*TASK DESCRIPTION*
Output the listing below verbatim, without images.

*DATA EXCERPT*

* * *

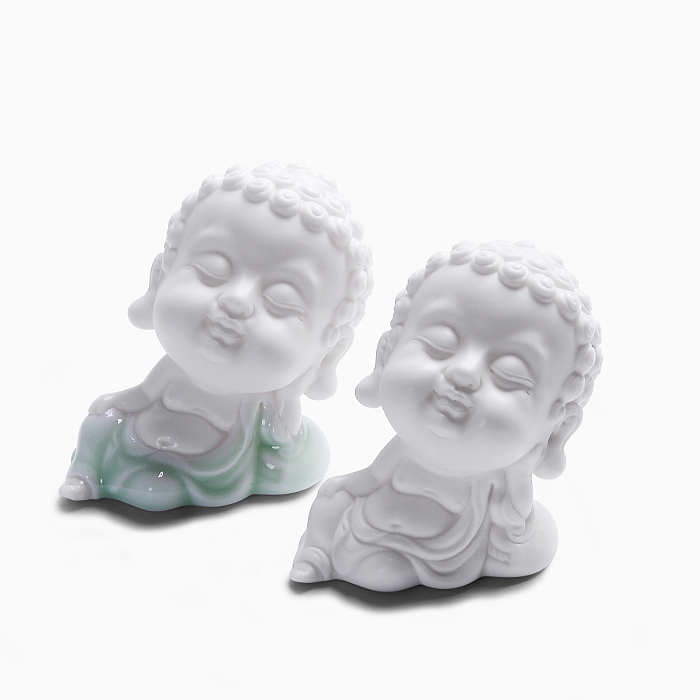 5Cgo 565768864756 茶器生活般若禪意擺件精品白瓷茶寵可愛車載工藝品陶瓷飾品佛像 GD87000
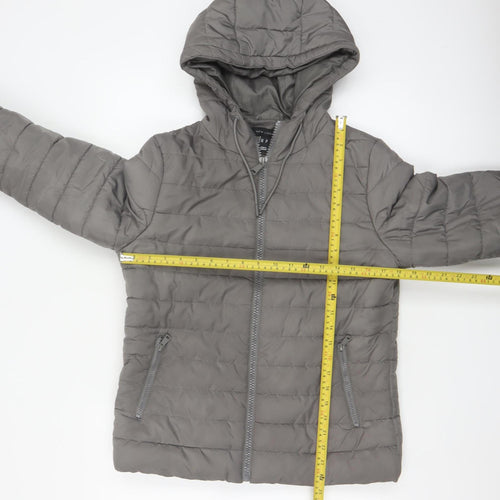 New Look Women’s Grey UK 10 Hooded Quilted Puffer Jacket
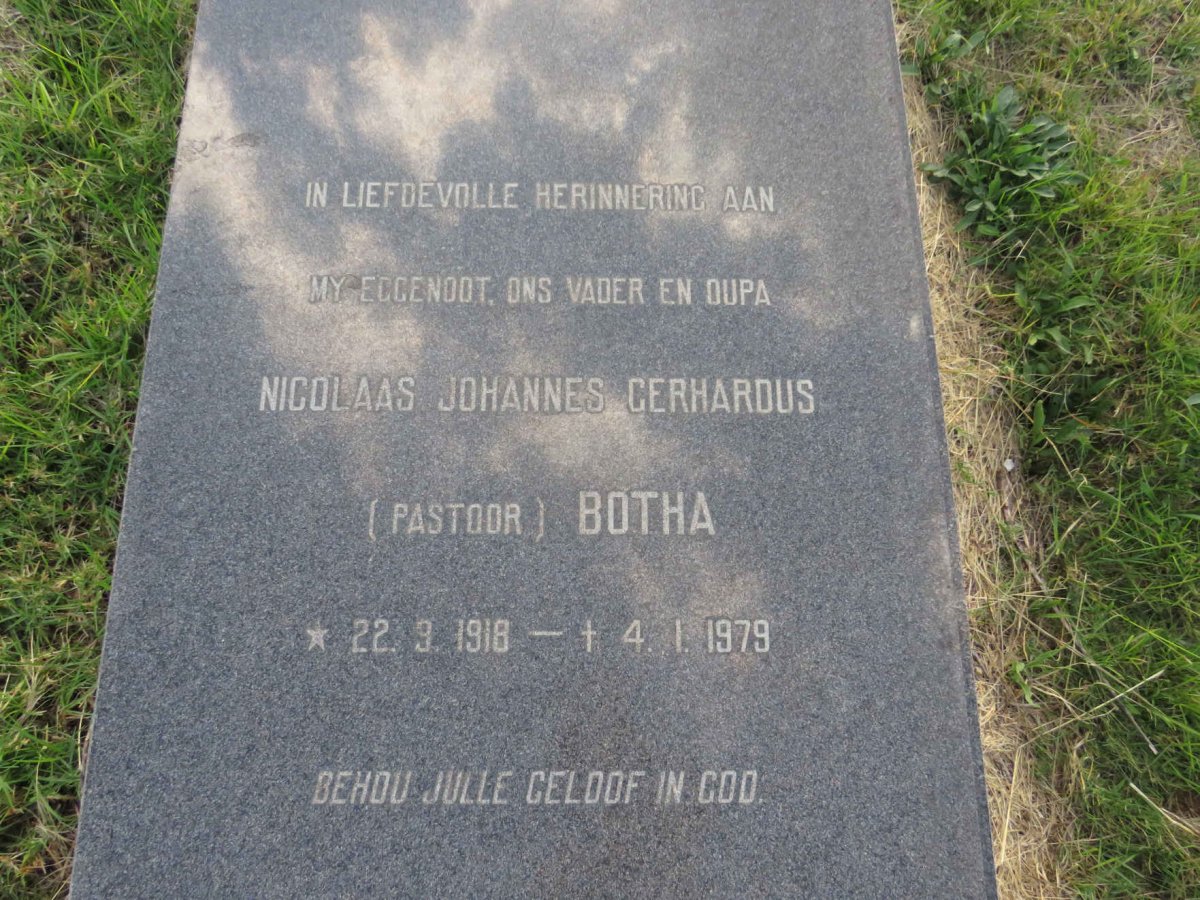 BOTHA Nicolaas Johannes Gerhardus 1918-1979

* * *

*TASK ANSWER*
 5Cgo 565768864756 茶器生活般若禪意擺件精品白瓷茶寵可愛車載工藝品陶瓷飾品佛像 GD87000
 New Look Women’s Grey UK 10 Hooded Quilted Puffer Jacket
 BOTHA Nicolaas Johannes Gerhardus 1918-1979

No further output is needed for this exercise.